For members of the United Nations Association and United Nations Foundation, there is a special meaning to the day; it is U.N. Day -- a day that marks the anniversary of the founding of this global institution in 1945.
UNA-USA's 2011 U.N. Day theme is "The United Nations -- in Everyone's Interest". There is quite a bit of hard work that goes into this day by many good and thoughtful people. This is something to be kept firmly planted in our minds as we participate in activities commemorating this day. Unfortunately, many wish to see the world body diminished in its capacity to do its work.
THE U.N.: STILL RELEVANT 66 YEARS LATER
When leaders gathered in San Francisco in 1945, for what was formally known as the United Nations Conference on International Organization, the delegates could never have imagined that what they were about to do would still have such a profound impact on so many today.
On October 24, 1945, the required number of nations present at the conference ratified the Charter of the United Nations and this day officially became what we know today as U.N. Day.
EDUCATING THE MASSES
When Americans think of the U.N., they envision images of blue-helmeted peacekeepers keeping the peace in a remote part of the world subsequent to some violent conflict.
While this is quite true, there is so much more the U.N. does around the world to make a difference in the lives of those less fortunate than those of us in the west. One of the missions of UNA-USA and UN Foundation is to inform, so it is incumbent upon the membership to educate the public about the wider role the U.N. plays; to change the perception portrayed in the media that is a debating society marred by corruption. Do problems exist? Of course they do. In any large organization, the size and scope of the U.N., issues are bound to develop. However, this should not detract from all of the accomplishments the U.N. has achieved through the years.
From Cambodia to Namibia, El Salvador to Eritrea, Mozambique to Nicaragua, South Africa to Kosovo, and from East Timor to the 193rd member of the U.N. and newest nation South Sudan, the U.N. has provided the assistance and wherewithal to allow people of these countries to participate in free and fair elections.

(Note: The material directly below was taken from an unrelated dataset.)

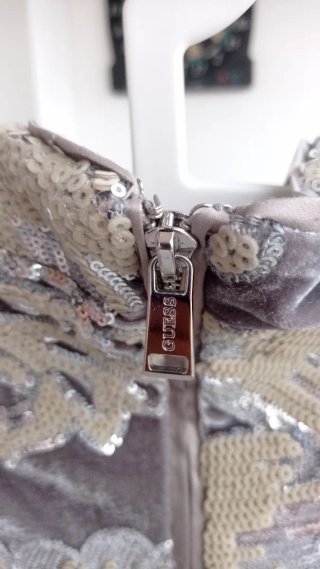 Vestido Fiesta GUESS Terciopelo Lentejuelas Gris D
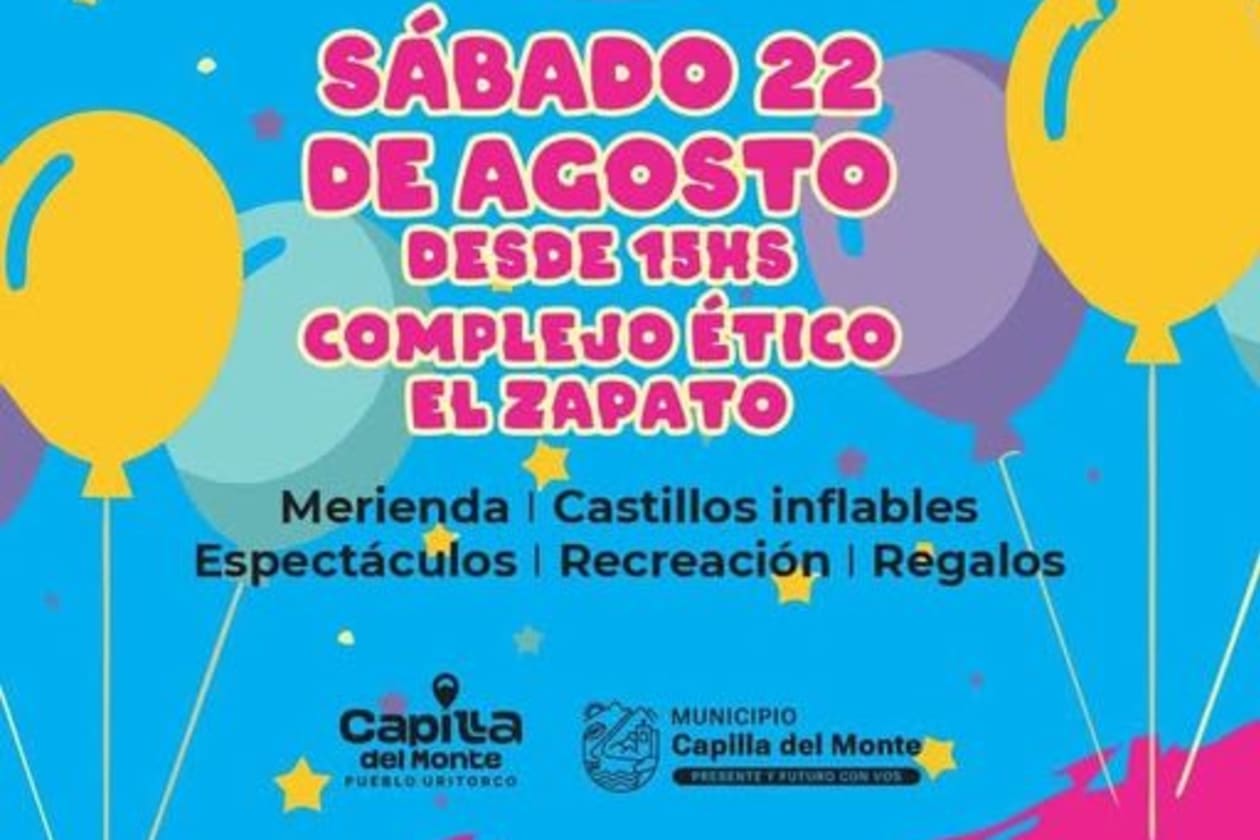 Capilla del Monte celebrará el Día del Niño en el Complejo El Zapato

An expansion of democratic freedoms is certainly "in everyone's interest".
In addition, the work of U.N. agencies like the United Nations High Commissioner for Refugees (UNHCR), the United Nations Children's Fund (UNICEF), the United Nations World Food Programme (WFP), and the United Nations World Health Organization (WHO) are performing admirable work -- in the harshest of circumstances -- in places such as Yemen, Libya, Sudan, and in the Horn of Africa where famine threatens millions of people in Somalia, Kenya, and Ethiopia.
Opponents argue, "Why are we (the United States) supporting U.N. work in such remote areas of the world?" There is, I would submit to you, a national interest in areas such as Yemen. The prevention of a failed state, particularly one suspected as being an al-Qaeda training ground, is clearly "in everyone's interest".